Your Uber Has Arrived…And He’s Sick Of Your Crap

. May 16, 2016.
uber-dibella

Writing as a profession has never been the most secure career path. In fact, “creatives” (wretched corporate speak) of all phyla (artists, musicians, actors and even copywriters) often must supplement their incomes with service industry jobs far from their chosen field.

To keep this sob story short, your gentle narrator has been writing professionally for over 16 years and, while freelancing for any number of publications, he procured just one desk job on the strength of his writing (ASCAP, seven years)—a data integrity and quality assurance position. Shortly after the economy tanked in 2008, that cushy (but dead-end) gig evaporated; since then, the order of the day has been scrambling and cobbling together an income.

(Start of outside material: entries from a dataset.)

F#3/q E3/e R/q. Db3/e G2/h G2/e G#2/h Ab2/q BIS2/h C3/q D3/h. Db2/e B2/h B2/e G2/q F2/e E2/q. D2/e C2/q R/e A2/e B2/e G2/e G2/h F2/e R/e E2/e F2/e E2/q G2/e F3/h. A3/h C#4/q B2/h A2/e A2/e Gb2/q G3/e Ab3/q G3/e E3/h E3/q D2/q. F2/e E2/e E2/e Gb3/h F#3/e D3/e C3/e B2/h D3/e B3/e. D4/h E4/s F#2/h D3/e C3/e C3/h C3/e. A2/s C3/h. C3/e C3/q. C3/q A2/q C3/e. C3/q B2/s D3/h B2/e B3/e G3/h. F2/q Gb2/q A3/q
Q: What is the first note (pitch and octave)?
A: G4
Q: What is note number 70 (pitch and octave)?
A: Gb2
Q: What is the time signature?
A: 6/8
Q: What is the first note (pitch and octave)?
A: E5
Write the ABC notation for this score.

The advent of the so-called sharing economy has allowed forlorned job-seekers to obtain jobs with Uber or Zoomer where no resume is needed: just a four-door (in Uber’s case) and a smartphone. These are service jobs, and with them come the mercurial moods of the public.

Ann Arbor is generally a wonderful place, but the University of Michigan matriculates many a son/daughter of wealthy oligarchs (focus squarely on Long Island/NYC/North Jersey with a special shoutout to the Detroit burbs). Unfortunately, these progeny of opulence often act like entitled twits, especially when dealing with waiters, cab drivers, delivery drivers, etc. A prime recent example was this lovely little scholar who, while unworthy of column inches, happens to be the son of a notorious New York City slum lord (go figure).

It’s not just the kids who act like privileged philistines. There is an air of elitism that runs through Washtenaw County, one of the wealthiest in Michigan. This is a liberal, artist-friendly community, but money does something to people, and there’s plenty of wealth and disconnect to go around in the Ace Deuce (who could forget this so-called civil servant).

The Ann Arbor/nation-wide affluenza epidemic could be written off to the folly of youth/undeveloped frontal lobes; who among us, due to sheer naivete, didn’t do something idiotic in our early adulthood? However, Greek life at universities does foster a solipsistic worldview—sorry frat guys and gals, there are many among you that give your house a bad name.

So this particular writer Ubers and Zoomers in his spare time; a Bachelor’s in English from the University in tow. To be fair, some young Wolverines are beautiful people, full of vitality and spirit, generally aware that treating your fellow humans with respect is a requirement and not an occasional practice. We all have a bad day and can come off rude to a cashier, waiter or fellow motorist, but having shuttled Ann Arborites around for three months now (and delivered food for eight months), I’ve noticed an alarming trend of disrespect, primarily among (but not exclusive to) undergraduates.

From the drunk sorority sister dropping an “okay, Uber” while I was talking to another rider, to the drunk student in cap and gown who cranked up my stereo without asking then slammed my door for good measure, to the businessman who treated my car as a trash receptacle: Newsflash: there are some despicable people out there.

Then there’s the cheapskates that still aren’t aware that delivery drivers also work off tips, just like waiters and waitresses (10 percent is acceptable, but 15-20 should be the standard considering the wear and tear these drivers put on their cars to bring you your precious Zingerman’s matzah ball soup).

Uber does allow a driver to hear some good stories, obvious fodder for any scribe. Sour grapes can turn to fine wine with discipline and hard work, but in America, warriors often die for want of slaying the dragon. If only the dragon knew how awful he could be, perhaps there would be less of a sense of entitlement in our American kingdom.